90. Referring to the Statements of Major General Hughes and Mr Spinkston and by reference to the Federal Court decisions of Stoddart v Repatriation Commission [2003] FCA 334, Woodward v Repatriation Commission [2003] FCAFC 160 and Budworth v Repatriation Commission (2001) 63 ALD 422, Mr Douglass submitted it could not be found that the applicant experienced, witnessed or confronted an event involving death or serious injury.
91. It was submitted that in so far as the helicopter incident is concerned, the applicant’s participation did not amount to a “traumatic event” within the definition of PTSD as found in either DSM IV or within the SOP itself. In so far as the patrol incident is concerned, it was submitted that the circumstances surrounding it were at odds with the procedure that should have been followed on the evidence given by Mr Taylor, and it should be found that it would have been most unlikely for the event to have occurred at all, or in the manner described by the applicant. It was submitted that the event may have been the subject of, or had its origin in, upon the evidence of Dr Wright – a dream experienced by the applicant, rather than an actual event. If that were so, the applicant could not satisfy a SOP because the stressor did not result from any event in service.
92. In written submissions lodged by the applicant’s solicitor it was noted that the respondent had conceded that the applicant did suffer from alcohol abuse. It was also noted that the respondent conceded a diagnosis of generalised anxiety disorder but only since the applicant was hospitalized in 2002. It was submitted that the applicant satisfied Instrument No. 3 of 1999 with respect to PTSD. It was contended that the applicant had been confronted with an event that involved a threat of serious injury or death. Additionally it was contended that the evidence of the applicant’s treating psychiatrist, Dr Ridley, should be preferred because of the extent and duration of the applicant’s treatment, and by reason of the relationship he had developed with the applicant as his treating practitioner.
93. It was contended that there were two principal episodes in service which gave rise to a connection with injury. Namely, the event when on patrol when the applicant was confronted with another person, and the other event where the applicant attended at the location of a helicopter that had been shot down.
94. It was contended that the hypotheses raised by the applicant were reasonable, were consistent with the template of the respective SOPs and the decisions under review should be set aside.

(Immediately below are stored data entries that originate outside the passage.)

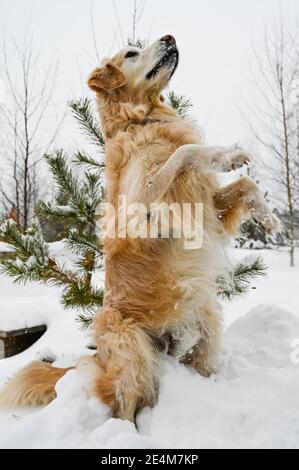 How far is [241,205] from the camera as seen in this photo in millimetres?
2725

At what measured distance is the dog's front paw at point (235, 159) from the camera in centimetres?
233

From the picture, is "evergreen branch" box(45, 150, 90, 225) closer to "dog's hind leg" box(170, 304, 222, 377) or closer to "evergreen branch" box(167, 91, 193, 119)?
"evergreen branch" box(167, 91, 193, 119)

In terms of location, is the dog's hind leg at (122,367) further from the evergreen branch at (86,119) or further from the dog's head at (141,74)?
the evergreen branch at (86,119)

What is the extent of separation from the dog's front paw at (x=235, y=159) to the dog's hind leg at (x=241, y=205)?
391mm

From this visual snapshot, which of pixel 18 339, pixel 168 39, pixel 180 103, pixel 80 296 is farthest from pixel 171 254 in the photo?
pixel 18 339

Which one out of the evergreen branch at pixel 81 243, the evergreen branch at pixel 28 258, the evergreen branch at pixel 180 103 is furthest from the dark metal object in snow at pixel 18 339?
the evergreen branch at pixel 180 103

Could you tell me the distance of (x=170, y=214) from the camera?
7.97ft

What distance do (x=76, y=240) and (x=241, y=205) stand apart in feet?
5.13

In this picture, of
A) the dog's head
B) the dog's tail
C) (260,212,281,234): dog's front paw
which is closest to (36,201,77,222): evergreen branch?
the dog's head

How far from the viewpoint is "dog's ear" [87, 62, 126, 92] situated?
3.04 meters

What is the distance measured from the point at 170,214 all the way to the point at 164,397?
110 cm

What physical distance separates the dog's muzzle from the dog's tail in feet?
7.83

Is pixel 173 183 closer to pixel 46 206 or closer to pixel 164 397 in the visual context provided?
pixel 164 397

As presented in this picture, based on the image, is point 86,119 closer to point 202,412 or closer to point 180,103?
point 180,103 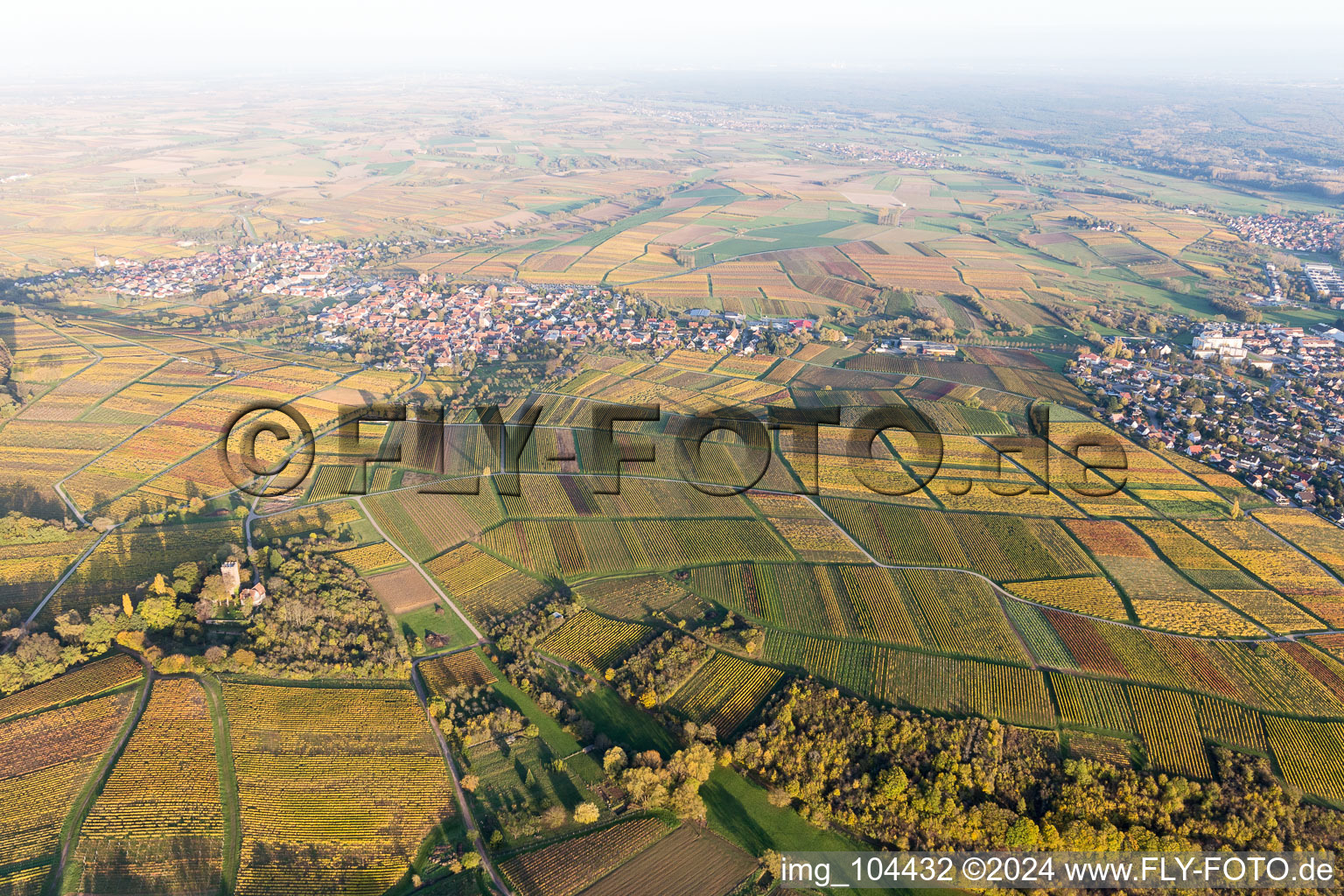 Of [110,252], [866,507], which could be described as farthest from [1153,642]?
[110,252]

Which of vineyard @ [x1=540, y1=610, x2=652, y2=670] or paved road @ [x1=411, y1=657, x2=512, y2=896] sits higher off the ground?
vineyard @ [x1=540, y1=610, x2=652, y2=670]

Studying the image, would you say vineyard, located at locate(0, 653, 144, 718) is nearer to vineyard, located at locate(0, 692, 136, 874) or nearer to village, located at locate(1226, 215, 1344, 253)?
vineyard, located at locate(0, 692, 136, 874)

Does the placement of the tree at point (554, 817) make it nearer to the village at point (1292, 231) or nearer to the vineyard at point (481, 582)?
the vineyard at point (481, 582)

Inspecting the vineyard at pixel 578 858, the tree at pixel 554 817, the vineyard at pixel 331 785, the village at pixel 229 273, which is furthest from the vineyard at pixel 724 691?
the village at pixel 229 273

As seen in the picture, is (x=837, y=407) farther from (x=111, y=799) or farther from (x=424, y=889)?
(x=111, y=799)

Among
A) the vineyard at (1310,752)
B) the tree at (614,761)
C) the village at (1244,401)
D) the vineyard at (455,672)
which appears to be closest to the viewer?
the vineyard at (1310,752)

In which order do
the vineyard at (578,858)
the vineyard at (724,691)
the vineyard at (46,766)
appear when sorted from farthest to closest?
the vineyard at (724,691), the vineyard at (46,766), the vineyard at (578,858)

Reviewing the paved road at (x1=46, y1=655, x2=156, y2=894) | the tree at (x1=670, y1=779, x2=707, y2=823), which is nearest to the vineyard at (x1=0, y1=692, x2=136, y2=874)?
the paved road at (x1=46, y1=655, x2=156, y2=894)

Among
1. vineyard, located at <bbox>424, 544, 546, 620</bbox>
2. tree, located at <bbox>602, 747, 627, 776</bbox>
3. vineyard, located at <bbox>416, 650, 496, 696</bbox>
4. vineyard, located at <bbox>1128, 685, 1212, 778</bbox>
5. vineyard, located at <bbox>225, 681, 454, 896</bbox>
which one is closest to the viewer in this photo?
vineyard, located at <bbox>225, 681, 454, 896</bbox>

95. Additionally it was submitted that upon acceptance of the conditions of PTSD and alcohol abuse, the applicant would attract impairment points greater than 70 per cent thereby satisfying the first qualifying criteria for special rate pension. It was additionally submitted that the applicant was totally and permanently incapacitated for work and was, in the circumstances, entitled to special rate pension with effect from 28 February 2002.
conclusion and reasons for decision
96. Diagnosis is a question of fact and is to be found on the balance of probabilities. A SOP has no role in making such a finding and resort to a SOP is impermissible (refer Benjamin v Repatriation Commission [2001] FCA 1879). Nonetheless it may be thought that the similarities between the definition of an illness or injury contained within a SOP and a definition of the same illness or injury as contained within DSM IV, is of no practical consequence (refer Gerzina v Repatriation Commission [2004] FCAFC 96).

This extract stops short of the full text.